Work request
A faithful copy of the listing below is needed, with its pictures left out.

Given information
+ + + + +
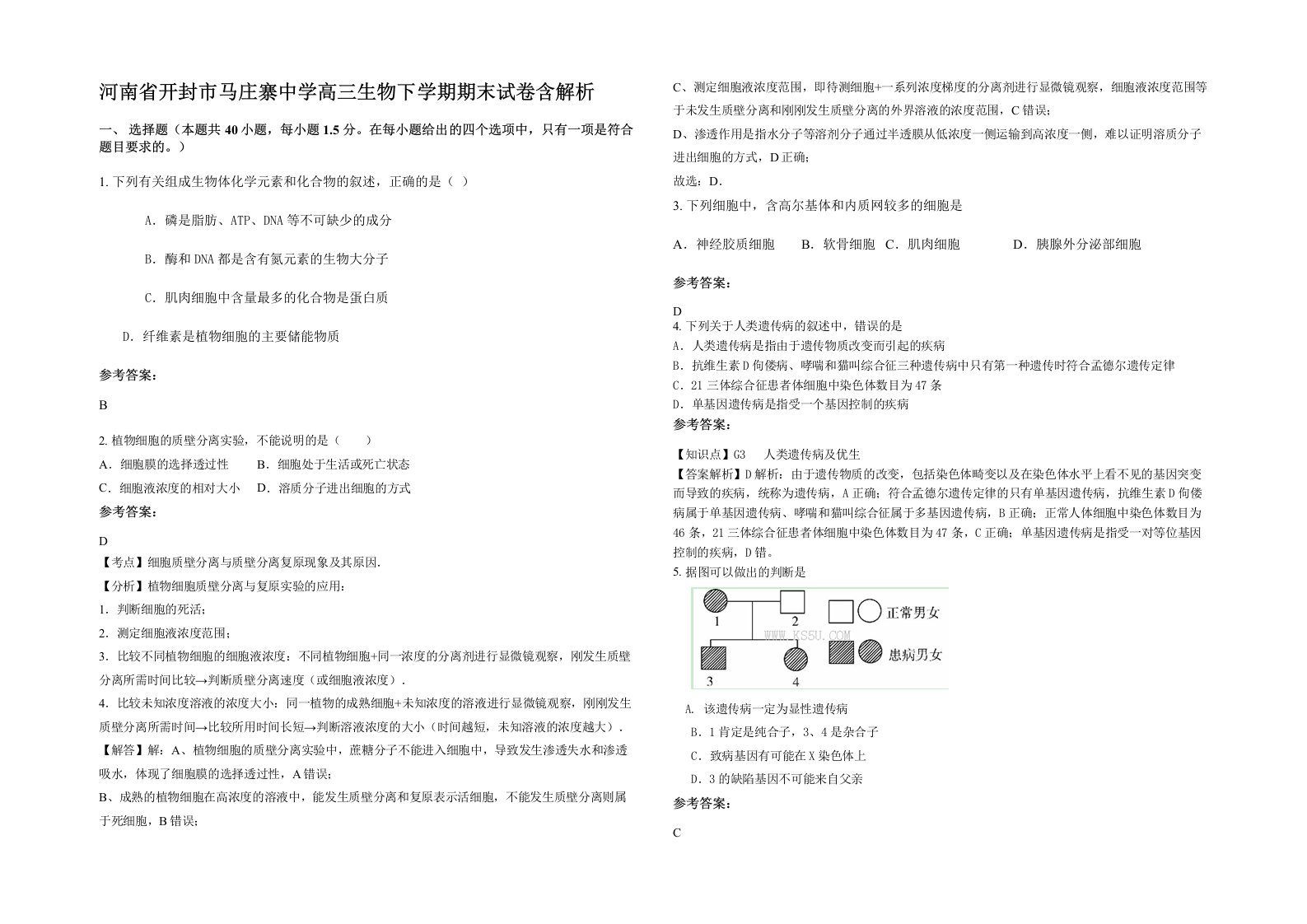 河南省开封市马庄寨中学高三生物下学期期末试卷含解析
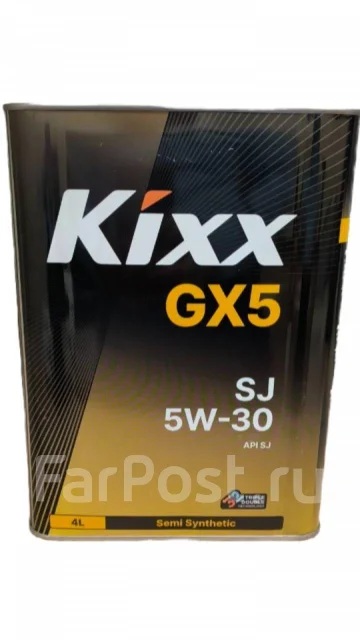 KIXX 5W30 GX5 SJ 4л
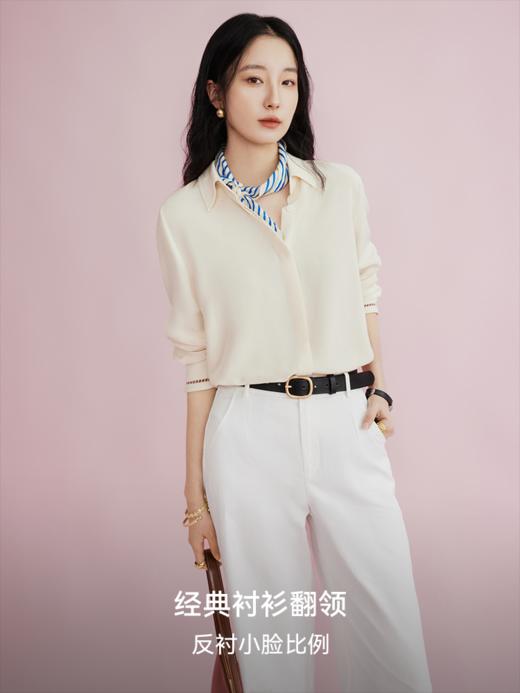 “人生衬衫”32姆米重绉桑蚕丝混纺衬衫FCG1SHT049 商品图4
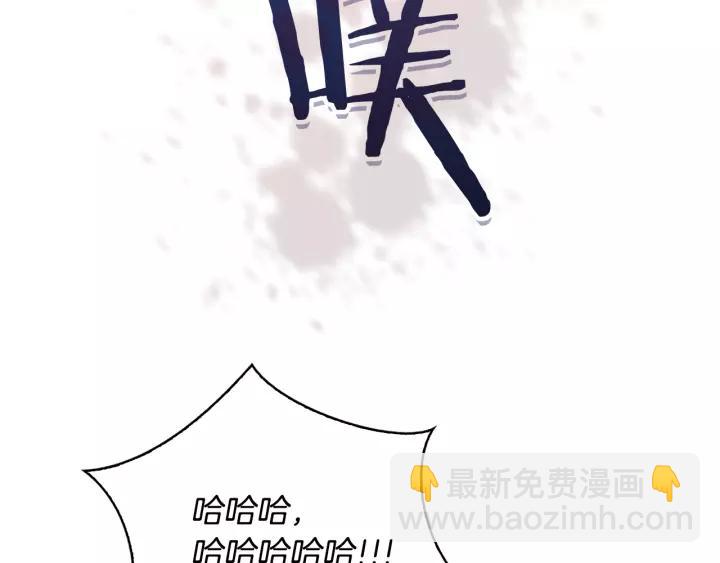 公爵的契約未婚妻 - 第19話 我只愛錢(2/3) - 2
+ + + + +
Result
 河南省开封市马庄寨中学高三生物下学期期末试卷含解析
 KIXX 5W30 GX5 SJ 4л
 “人生衬衫”32姆米重绉桑蚕丝混纺衬衫FCG1SHT049 商品图4
 公爵的契約未婚妻 - 第19話 我只愛錢(2/3) - 2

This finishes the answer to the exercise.